In fact, the inner loop executes exactly $\frac{x(x+1)}{2}$ times, and $\frac{x(x+1)}{2} = \frac{x^2 + x}{2} = \mathcal{O}(x^2)$, since our asymptotic notation allows us to essentially ignore the constant factors.

So already we have a growing complexity of $\mathcal{O}(x^2)$. If we now consider the contents of the inner for loop, which you say is a quadratic time calculation of $x$. I read this as follows: the complexity of the inner loops body is a quadratic function of x $\rightarrow \mathcal{O}(x^2)$. My answer is based largely upon this assumption.
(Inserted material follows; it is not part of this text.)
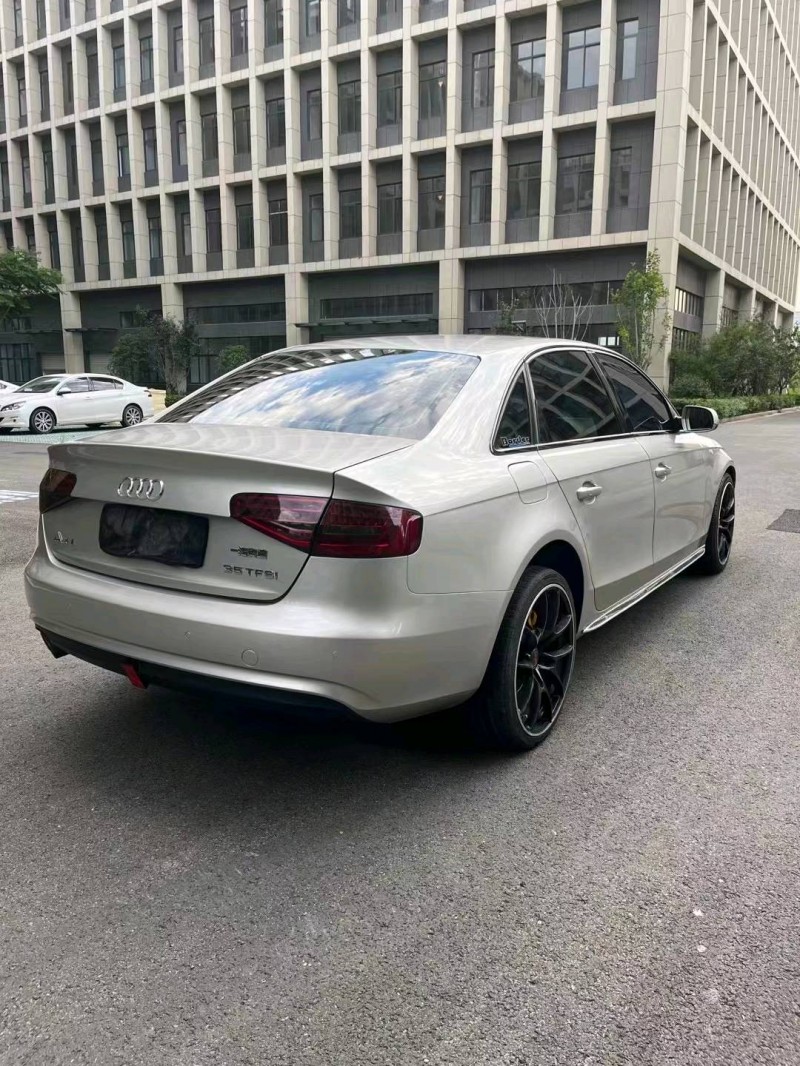 徐州16年奥迪A4L8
If my assumption is correct, then a time complexity of $\mathcal{O}(x^4)$ easily follows from this reasoning: the outer and inner for loop collectively produce $\mathcal{O}(x^2)$ iterations of some algorithm that takes $\mathcal{O}(x^2)$ steps to complete itself. An extremely informal (read: not quite right, but right enough to demonstrate a point) mathematical argument for this might be:

($x$ outer loop iterations) $\cdot$ ($x$ inner loop iterations) $\cdot$ ($x^2$ loop body steps) $= x^4$ total steps.

With the second algorithm, the same reasoning can be used. Again, we have some procedure, which takes $\mathcal{O}(x^2)$ steps to run, which is being executed $x$ times. This gives us $\mathcal{O}(x^3)$ steps in total. Since we have two loops of this form, we can conclude that algorithm 2 has a time complexity of:

$\mathcal{O}(x^3) + \mathcal{O}(x^3) = \mathcal{O}(x^3)$

Note that in this case we have two consecutive loops that, asymptotically speaking, do essentially the same amount of work. In reality it might be that our first loop which calculates $y$ performs some constant factor amount more or less steps than our second, which calculates $z$, but here that doesn't matter, since we're focusing on the rate of growth of our running time. One way of thinking about it is as follows:

$\mathcal{O}(x^3) + \mathcal{O}(x^3) = \mathcal{O}(x^3 + x^3) = \mathcal{O}(2 \cdot (x^3)) = \mathcal{O}(x^3)$.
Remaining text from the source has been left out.